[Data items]
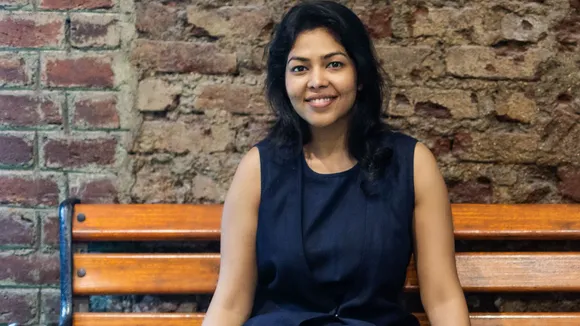 A peek into Gunjan Arya’s Only Much Louder
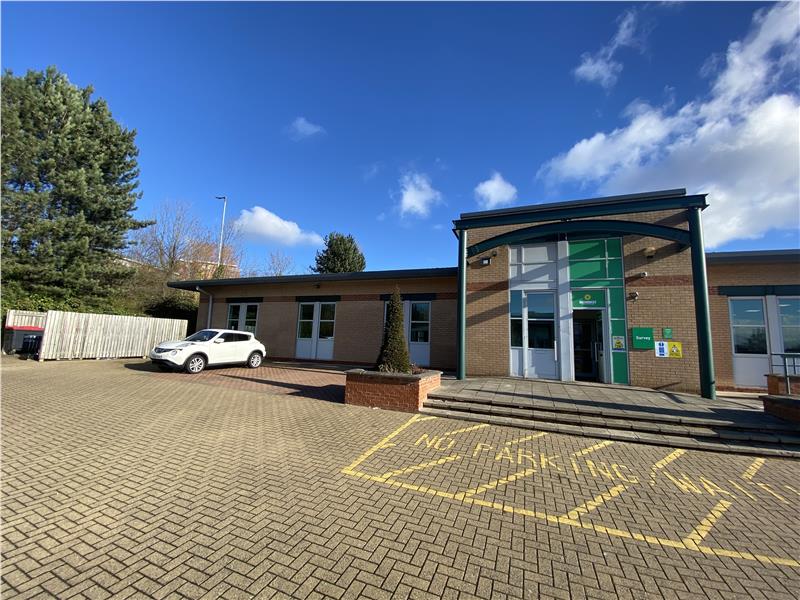 Office To Let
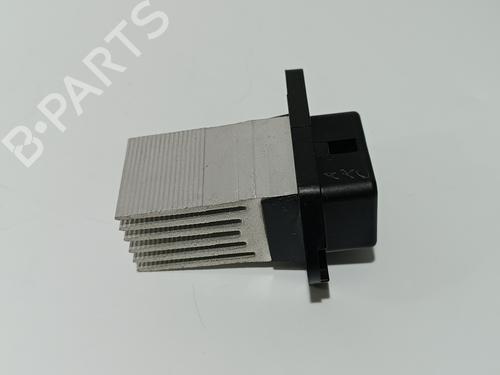 Heater resistor HYUNDAI i40 I (VF) 1.7 CRDi | BP15553243M108 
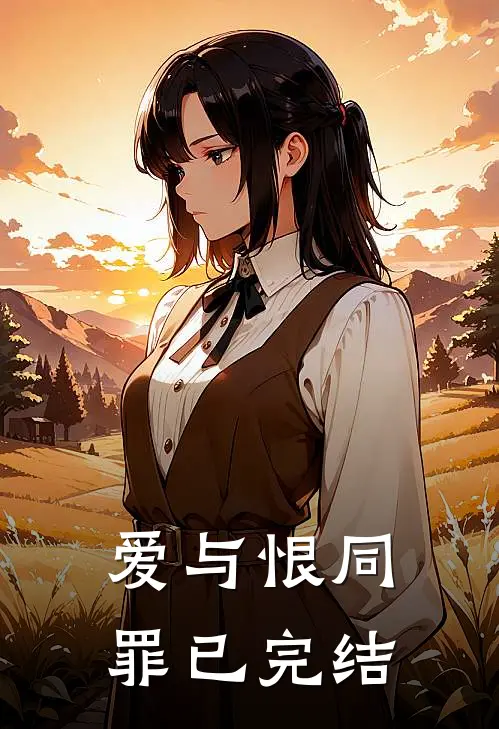 爱与恨同罪已完结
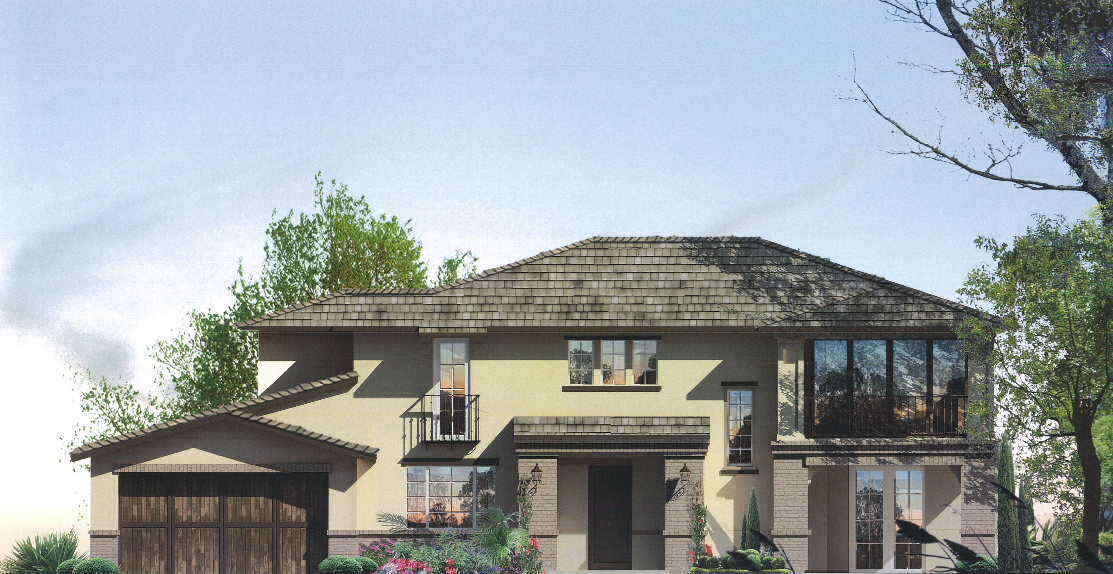 City Expected To Approve Final Tract Map For 12 Future Homes Glendora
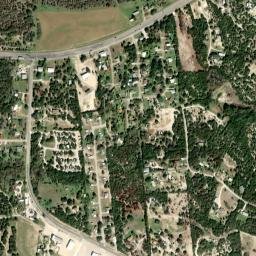 1234 FM2808 Kempner TX 76539 High Resolution Satellite Map
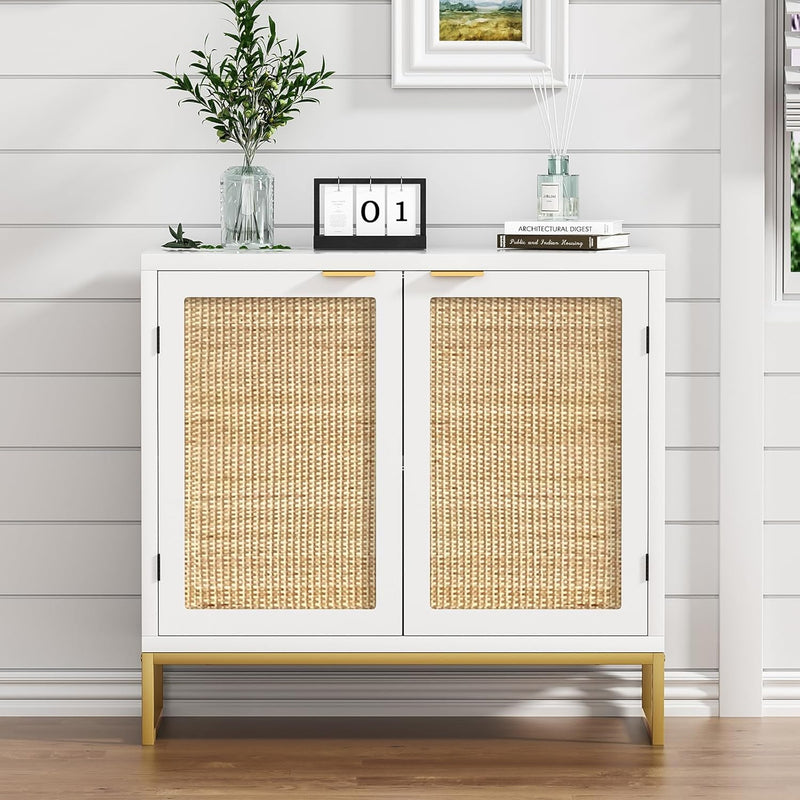 Sideboard Storage Cabinet Modern Kitchen Cupboard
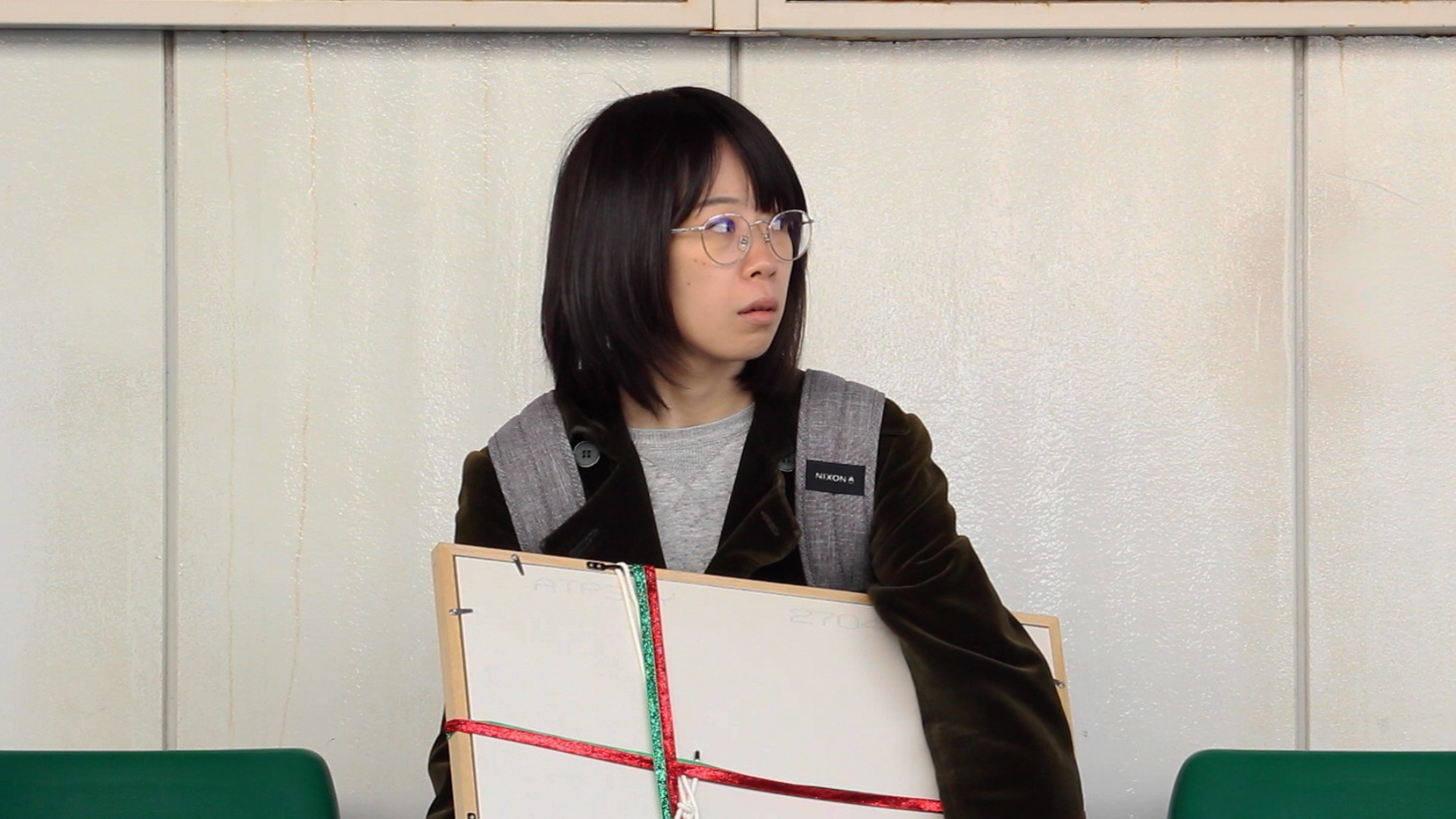 「だれかが歌ってる」場面写真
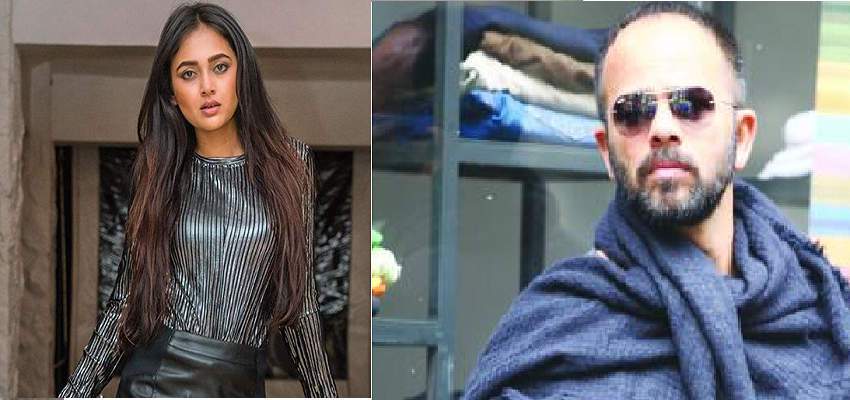 Khatro Ke Khiladi Season 10: तेजस्वी पर गुस्सा होते दिखे रोहित शेट्टी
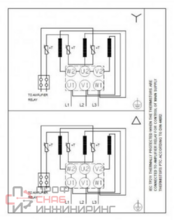 Насос Grundfos TP 125-160/4 A-F-A-BAQE-MX3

THE TASK = Beginning with the line that contains "Khatro Ke Khiladi", reproduce every line through the end of the records above exactly, leaving pictures out.

RESPONSE AREA =
 Khatro Ke Khiladi Season 10: तेजस्वी पर गुस्सा होते दिखे रोहित शेट्टी
 Насос Grundfos TP 125-160/4 A-F-A-BAQE-MX3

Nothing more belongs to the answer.